Joneidi, Mohsen ; Vahidian, Saeed ; Esmaeili, Ashkan ; Wang, Wijia ; Rahnavard, Nazanin ; Lin, Bill ; Shah, Mubarak

In proceedings IEEE Conference on Computer Vision and Pattern Recognition, CVPR 2020 .

**Codes:** You can find the code for Spectrum Pursuit (SP) and Kernel SP here.

**Presentation:** You can see the presentation __here__.

**Paper:** You can download the paper __here.__

**Introduction**:

Finding a small subset of data whose linear combination spans other data points, also called column subset selection problem (CSSP), is an important open problem in computer science with many applications in computer vision and deep learning. There are some studies that solve CSSP in a polynomial time complexity w.r.t. the size of the original dataset. A simple and efficient selection algorithm with a linear complexity order, referred to as spectrum pursuit (SP), is proposed that pursuits spectral components of the dataset using available sample points. The proposed non-greedy algorithm aims to iteratively find K data samples whose span is close to that of the first K spectral components of entire data. SP has no parameter to be fine-tuned and this desirable property makes it problem-independent. The simplicity of SP enables us to extend the underlying linear model to more complex models such as nonlinear manifolds and graph-based models. The nonlinear extension of SP is introduced as kernel-SP (KSP). The superiority of the proposed algorithms is demonstrated in a wide range of applications.

**Method**:

An efficient non-greedy algorithm is proposed to solve CSSP with a linear order of complexity. The proposed subspace-based algorithm outperforms the state-of-the-art algorithms in terms of accuracy for CSSP. In addition, the simplicity and accuracy of the proposed algorithm enable us to extend it for efficient sampling from nonlinear manifolds. The intuition behind our work is depicted in the following figure. Assume for solving CSSP, we are not restricted to selecting representatives from data samples, and we are allowed to generate pseudo-data and select them as representatives. In this scenario, the best K representatives are the first K spectral components of data according to definition of singular value decomposition.

However, the spectral components are not among the data samples. Our proposed algorithm aims to find K data samples such that their span is close to that of the first K spectrum of data. We refer to our proposed algorithm as spectrum pursuit (SP). This figure shows the intuition behind SP and also it shows a straightforward extension of SP for sampling from nonlinear manifolds. We refer to this algorithm as Kernel Spectrum Pursuit (KSP).

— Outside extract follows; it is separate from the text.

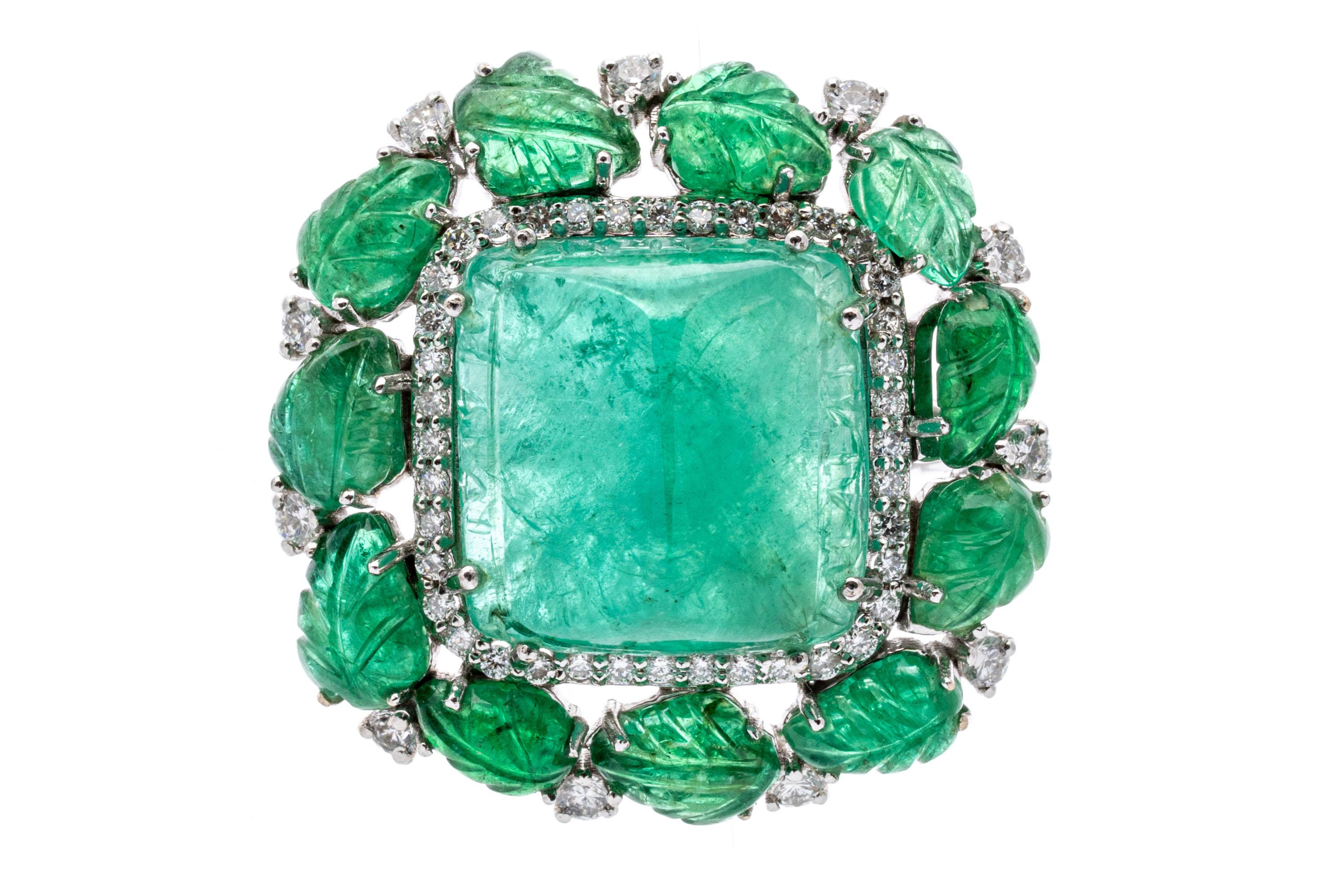 Contemporary 18k Glamorous Sugarloaf and Carved Emerald And Diamond Ring For Sale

Our main contributions can be summarized as:

- We introduce SP, a non-greedy selection algorithm with linear order complexity w.r.t. the number of original data points. SP captures spectral characteristics of dataset using only a small number of samples. To the best of our knowledge, SP is the most accurate solver for CSSP.
- Further, we extend SP to Kernel-SP for manifold-based data selection.
- We provide extensive evaluations to validate our proposed selection schemes. In particular, we evaluate the proposed algorithms on training generative adversarial networks, graph-based label propagation, few shot classification, and open-set identification. We demonstrate that our proposed algorithms outperform the state-of-the-art algorithms.

**Applications**:

**Training GAN**: None of existing frameworks from training a GAN benefit from smart samples selection to expedite the training process. Here, we present our experimental results on CMU Multi-PIE Face Database for representative selection. We use 249 subjects with various poses, illuminations, and expressions. We use the selected samples to train a generative adversarial network (GAN) to generate multi-view images from a single-view input.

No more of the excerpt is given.